Only faster when turning?
As far as image quality, when the ground detail is comprised of a flat texture suitable for AF, I think the observation is valid, if subjective.

Worst case performance is almost identical, however

To summarize what I'm still wondering:
1) Where are you getting indication of wide performance variance when turning for "ad" AF? You're not just assuming that, right?
2) Performance savings would be more hidden by CPU limitations, so I'm not sure an "almost identical" performance impact means muach, at least without having the results you have in mind to evaluate.
3) In any case, on a card like the 16 pipe NV40, it seems clear that regardless (and because of) the above, "b" AF's performance impact should not be a negative, and the behavior of the scene should show it to its strongest advantage, and in my consideration likely to be clearly superior for the scenario outlined above.

- comparing identical performance is hardly possible, because "ad" performance changes too much with the angle

How much is this change that is "too much"?

- "ad" saves transistors

Ok.

* Third, a "rolling hills" game with many different angles
- comparing identical degrees of "ad" vs "b": "ad" is faster, but with obvious quality drawbacks

You keep saying things like "obvious" to represent the drawbacks as unassailable, but at the same time dismiss the drawbacks of having lesser degree at other angles (again, assuming "b" AF isn't implemented with the same maximum degree, as perhaps a transistor cost might dictate).

They are both "obvious" where they occur, but they can both go unnoticed by the viewer.
No need for subjectively weighting the discussion by substituting a subjective evaluation as an excuse to ignore one or the other, especially if a "b" AF implementation has the same maximum degree and makes the issue moot by delivering the same maximum image quality (the problem is just that this is necessary in order to make the issue of "b" AF image quality disadvantages actually moot outside of subjectivity).

- comparing identical performance ("b" at lower level): "b" still reaches an overall better, more balanced image quality when doing the same work, because the distribution is more sensible.

Why do you keep intermixing a subjective evaluation like this? This is nothing more than repeating that 4x "b" has better image quality than 16x "ad" and hiding behind a lack of specified numbers to propose it as somehow objective to say "lower" is always better than "higher" regardless of actuality.

- "ad" saves transistors

And even this by itself might allow a higher maximum degree with a given transistor budget, which you exclude from consideration for image quality by consistently and repeatedly ignoring any and all possibility of considering how this advantage manifests at all.
Even still, for this game type, angle dependent AF (the ones we are discussing, AFAIK) doesn't just show benefit at 0 and 90 degrees.
...
Overall, that still leaves the flight simulator case (for 16 pipe, and I'd speculate down to 8 pipe designs) where performance savings seem, to my expectation, likely to be completely unimportant for even high resolutions, when the ground details is delivered by a color texture.
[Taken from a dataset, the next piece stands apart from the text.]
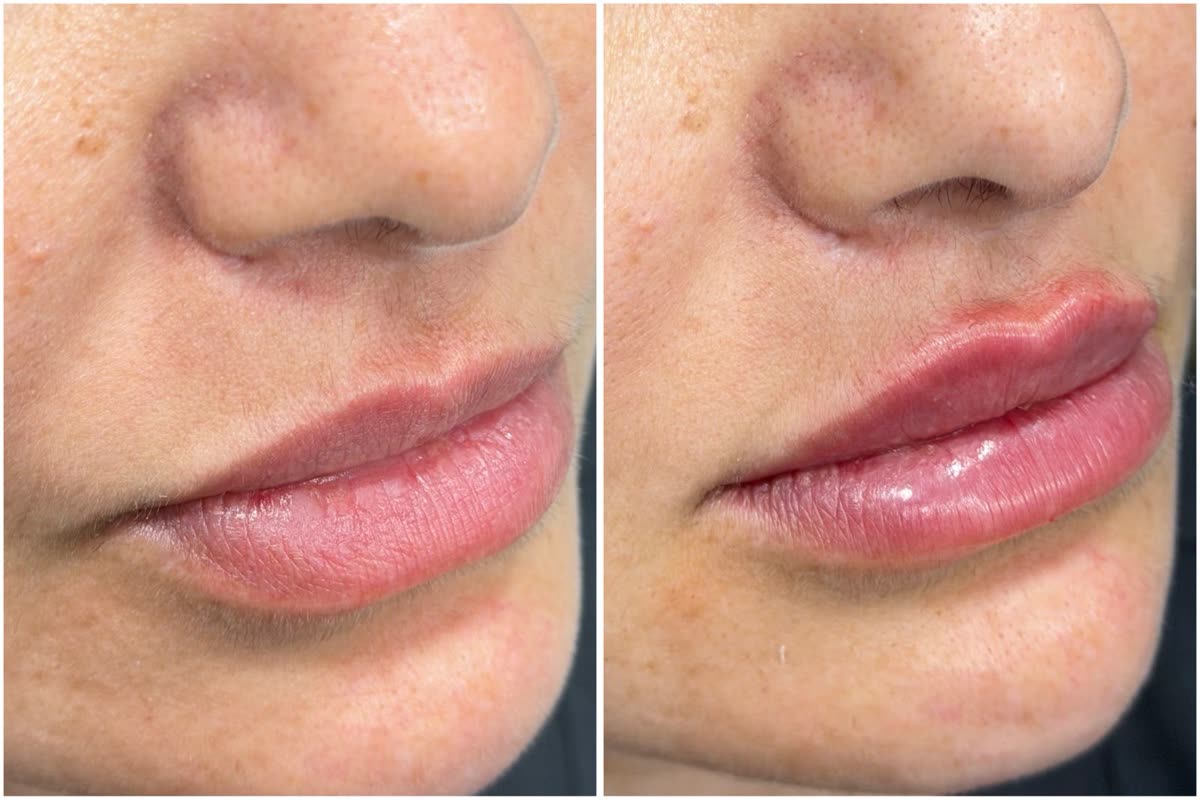 Antes e depois — Definição do contorno labial · Dra. Caroline Maia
Most games today are a blend between 1 and 3, leaning towards 3. The only consistent advantage for "ad" is that it saves transistors.

That last statement is only because you use subjective criteria to ignore that the advantages for "b" are not consistent either, just like the ones for "ad" that you just dismissed from consideration!
This is what is useless, not your opinion of it offering superior image quality. It precludes any realistic consideration or discussion that might result in a different conclusion, and only by subjective factors that seem geared towards justifying labels like "crappy" or "stupid".

IMO performance is not an advantage of "ad", because "b" can reach better or at least identical quality for the same performance cost.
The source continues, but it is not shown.